Memorandum by Professor J R Shackleton

  1.  My primary worry with the EU Reform Treaty is the possible impact of the introduction of the Charter of Fundamental Rights on the legal status of the employment relations framework which has evolved in the UK in the last twenty years. This framework is widely seen as more flexible and business-friendly than its equivalent in most European countries.

  2.  The areas which are particularly significant are Articles 12, 15, 27 and 28. All seem to have some potential for turning back the clock and restoring—or even extending—trade union powers which were removed by the Thatcher and Major administrations (1).
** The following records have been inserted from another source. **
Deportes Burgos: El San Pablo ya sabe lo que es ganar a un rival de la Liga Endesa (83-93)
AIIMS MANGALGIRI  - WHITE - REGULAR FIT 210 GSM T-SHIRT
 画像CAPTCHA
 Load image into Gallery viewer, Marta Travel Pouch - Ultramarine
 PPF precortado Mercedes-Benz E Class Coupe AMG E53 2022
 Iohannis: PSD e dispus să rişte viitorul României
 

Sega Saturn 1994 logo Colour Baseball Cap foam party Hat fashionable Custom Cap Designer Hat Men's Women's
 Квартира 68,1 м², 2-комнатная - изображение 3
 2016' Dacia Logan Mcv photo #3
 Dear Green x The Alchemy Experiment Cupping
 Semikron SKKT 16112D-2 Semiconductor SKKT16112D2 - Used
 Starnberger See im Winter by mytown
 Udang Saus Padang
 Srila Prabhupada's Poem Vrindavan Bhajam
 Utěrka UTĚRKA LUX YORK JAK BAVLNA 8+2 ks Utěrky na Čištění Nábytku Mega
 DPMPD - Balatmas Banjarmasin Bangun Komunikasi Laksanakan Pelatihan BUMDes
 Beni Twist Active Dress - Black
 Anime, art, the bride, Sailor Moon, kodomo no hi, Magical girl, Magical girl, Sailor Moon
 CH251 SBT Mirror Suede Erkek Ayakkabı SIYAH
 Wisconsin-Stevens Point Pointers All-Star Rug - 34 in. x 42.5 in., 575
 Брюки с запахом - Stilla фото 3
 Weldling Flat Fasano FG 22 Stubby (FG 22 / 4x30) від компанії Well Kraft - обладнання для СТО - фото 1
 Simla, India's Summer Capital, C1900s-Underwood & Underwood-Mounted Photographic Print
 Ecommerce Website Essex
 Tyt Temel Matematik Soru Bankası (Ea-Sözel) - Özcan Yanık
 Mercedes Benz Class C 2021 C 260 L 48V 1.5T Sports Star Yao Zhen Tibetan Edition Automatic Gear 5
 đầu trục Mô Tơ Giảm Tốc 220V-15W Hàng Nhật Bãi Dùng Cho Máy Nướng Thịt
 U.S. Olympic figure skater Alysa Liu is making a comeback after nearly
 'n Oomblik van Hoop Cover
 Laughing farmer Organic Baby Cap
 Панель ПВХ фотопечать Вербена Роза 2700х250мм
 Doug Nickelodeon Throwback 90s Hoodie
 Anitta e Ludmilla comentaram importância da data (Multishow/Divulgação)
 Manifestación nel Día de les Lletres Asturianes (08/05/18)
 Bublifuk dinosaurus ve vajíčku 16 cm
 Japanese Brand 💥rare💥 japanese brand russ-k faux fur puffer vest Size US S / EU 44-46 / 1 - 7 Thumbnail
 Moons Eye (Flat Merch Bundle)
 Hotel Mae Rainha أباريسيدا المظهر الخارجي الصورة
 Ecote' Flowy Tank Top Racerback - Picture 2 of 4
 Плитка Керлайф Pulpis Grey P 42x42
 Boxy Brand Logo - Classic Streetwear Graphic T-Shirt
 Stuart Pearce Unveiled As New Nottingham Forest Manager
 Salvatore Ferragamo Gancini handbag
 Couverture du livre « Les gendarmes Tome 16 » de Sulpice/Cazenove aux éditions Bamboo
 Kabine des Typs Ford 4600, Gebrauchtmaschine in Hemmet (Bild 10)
  3.  Article 12, Freedom of assembly and of association, mentions the "right of everyone to form and to join trade unions". While this right already exists in the UK, it is possible that this wording might be interpreted to imply that such unions, to be effective, should be recognised by employers for collective bargaining and other purposes. At the moment, union recognition is subject to various conditions, including majority support in a secret ballot. One concern for small businesses (which, despite the emphasis on inclusive "social partnership", are largely unrepresented in EU policy-making processes) is the possible threat to the exemption of businesses with less than twenty employees from compulsory recognition procedures.

  4.  Article 15, Freedom to choose an occupation and the right to engage in work, gives non-EU nationals who are authorised to work in the EU entitlement to "working conditions equivalent to those of citizens of the union". This may affect, for instance, the conditions of seamen working in British-registered ships. It could give union agreements a wider coverage and limit firms' ability to substitute cheaper employees. There is currently a case in progress relating to the use of Latvian workers in Sweden where the Charter of Fundamental Rights has been cited.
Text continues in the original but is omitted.